YOUR OBJECTIVE: Say how many lines in the listing contain the string "with", giving the number alone.

SUPPLIED DATA:

——

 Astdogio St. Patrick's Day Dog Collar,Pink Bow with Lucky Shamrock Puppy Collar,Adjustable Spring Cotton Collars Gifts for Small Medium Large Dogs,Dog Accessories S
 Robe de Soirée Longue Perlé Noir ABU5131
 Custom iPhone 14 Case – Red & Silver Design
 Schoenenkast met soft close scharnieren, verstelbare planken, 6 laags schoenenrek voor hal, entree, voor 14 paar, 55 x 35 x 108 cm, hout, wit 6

——

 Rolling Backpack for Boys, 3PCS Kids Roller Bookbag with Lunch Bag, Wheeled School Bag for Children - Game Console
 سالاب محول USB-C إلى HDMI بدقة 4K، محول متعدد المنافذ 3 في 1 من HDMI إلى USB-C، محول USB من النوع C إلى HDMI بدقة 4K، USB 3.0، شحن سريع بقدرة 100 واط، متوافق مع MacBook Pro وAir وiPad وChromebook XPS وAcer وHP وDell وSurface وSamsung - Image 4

——

TASK RESPONSE: 2